Le jeu s’inspire d’un reportage du Monde.fr qui racontait le voyage d’une migrante syrienne à travers son fil WhatsApp en 2015. Le récit commençait par les mots d’une mère à sa fille : « Enterre-moi, mon amour ». Cette expression, qui en arabe signifie : « Je t’aime, donc je veux mourir avant toi », est employée au moment de quitter des gens auxquels on tient.
Le studio a voulu proposer une manière ludique et intelligente de s’intéresser au sort des réfugiés, trop souvent déshumanisés et réduits à de simples chiffres.
« Enterre-moi, mon amour » est une fiction interactive qui se joue via une messagerie instantanée de type WhatsApp. Une interface simplissime qui vous place dans la peau de l’interlocuteur privilégié du personnage. Votre mission : la rassurer, la conseiller, l’informer et l’aiguiller au mieux dans son voyage, avec des réponses qui vous sont suggérées.
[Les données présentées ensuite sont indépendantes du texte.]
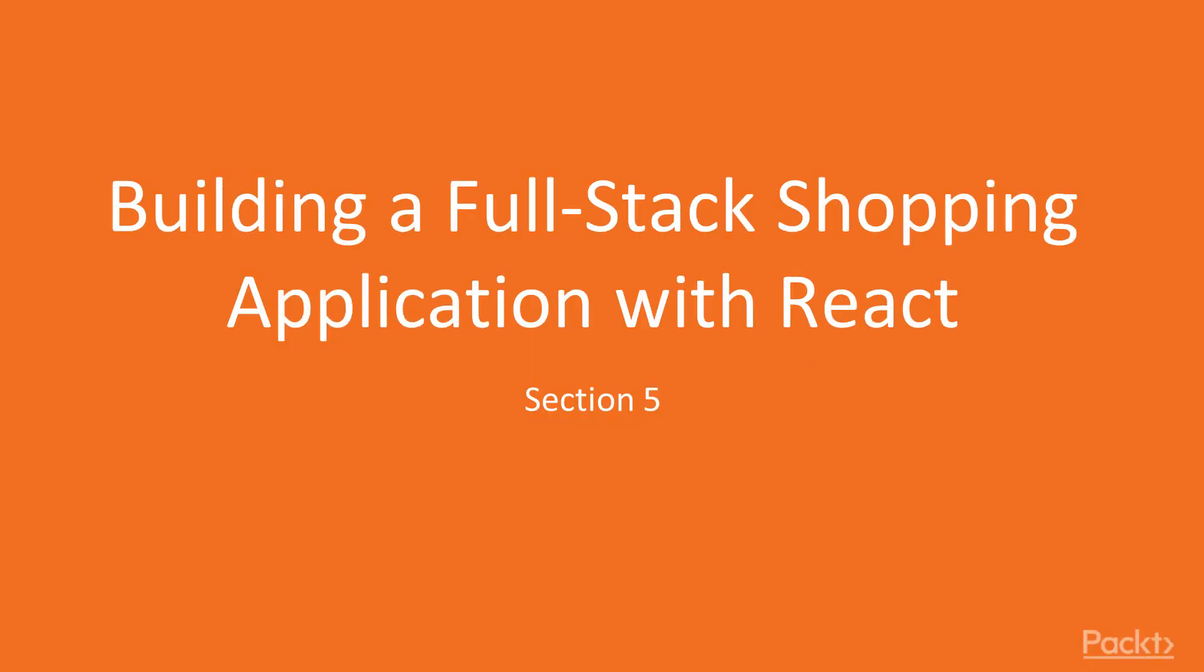Welcome to the fifth and final section of this course. In this section, we will be building a React frontend to query the API we built in the previous section.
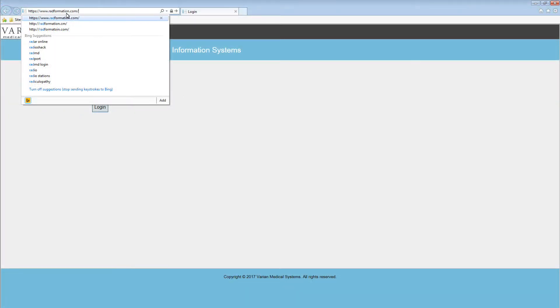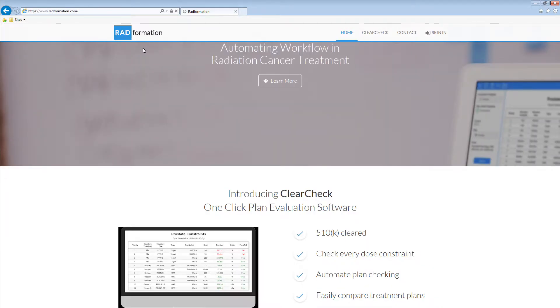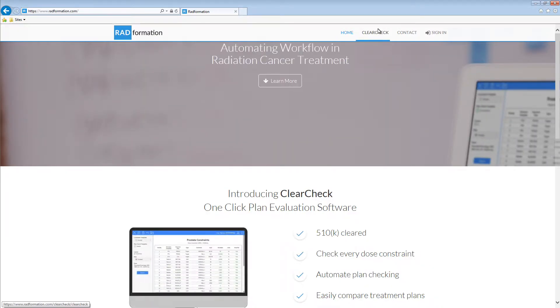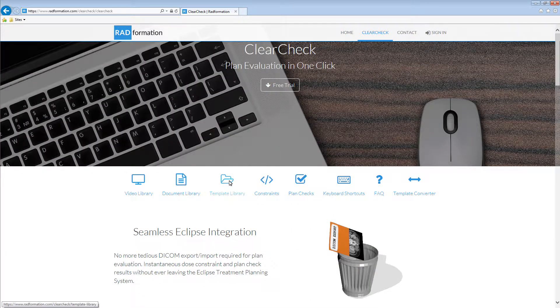First, we are going to download a constraint template from the Radformation website. Start up your web browser and go to radformation.com. Next, click on the ClearCheck link. Then, click the Template Library link.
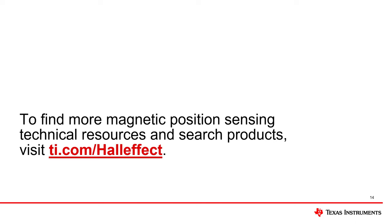For more information on the capabilities of this EVM, please visit the TMAG5328 EVM User's Guide. If you would like to learn more about our Hall Effect sensor portfolio, please visit ti.com/HallEffect to explore our technical resources and products.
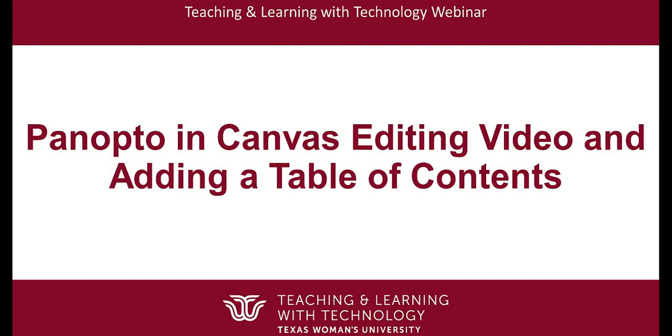In this tutorial, we'll discuss how to edit a video recording in Panopto. We'll also cover adding chapters to facilitate navigation for longer videos.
La première étape de ce voyage qui doit mener Nour en Allemagne est Beyrouth, la capitale libanaise qu’elle doit rejoindre en taxi afin d’embarquer pour la Turquie. Mais évidemment, les choses ne se déroulent pas comme prévu. Entre passeurs malveillants, polices locales zélées, bombardement et champs de mines, Nour va devoir éviter tous les écueils qui vont se présenter sur sa route. Pour mesurer l’avancement de son voyage, vous pouvez à tout moment consulter une carte vous indiquant où elle se trouve et le chemin qu’elle a parcouru. Conseiller téléphonique, vous êtes aussi son Google, qui l’informe des situations plus ou moins tendues dans les pays qu’elle traverse ou de la meilleure façon de réaliser une amputation.
À moins de vouloir accélérer les choses (les préférences de réception des messages sont paramètrables), vos conversations avec Nour se dérouleront en temps réel. Ainsi, il pourra s’écouler près d’une journée avant que vous ne receviez de ses nouvelles, faute de réseau, de batterie sur son téléphone portable… ou simplement parce que Nour est occupée. Ainsi, pour un périple d’une quinzaine de jours, il faudra compter en tout autant pour boucler le jeu, avec plusieurs sessions de quelques minutes par jour. Le jeu est volontairement non chronophage afin de laisser au joueur le temps de réfléchir.
Le jeu est disponible au téléchargement sur IOS et Android depuis le 26 octobre pour 3,49 euros. Une introduction de 20 minutes racontant le quotidien de Nour avant son départ est accessible sur le site d’Arte.

D’après un article du blog Pop Up Culture.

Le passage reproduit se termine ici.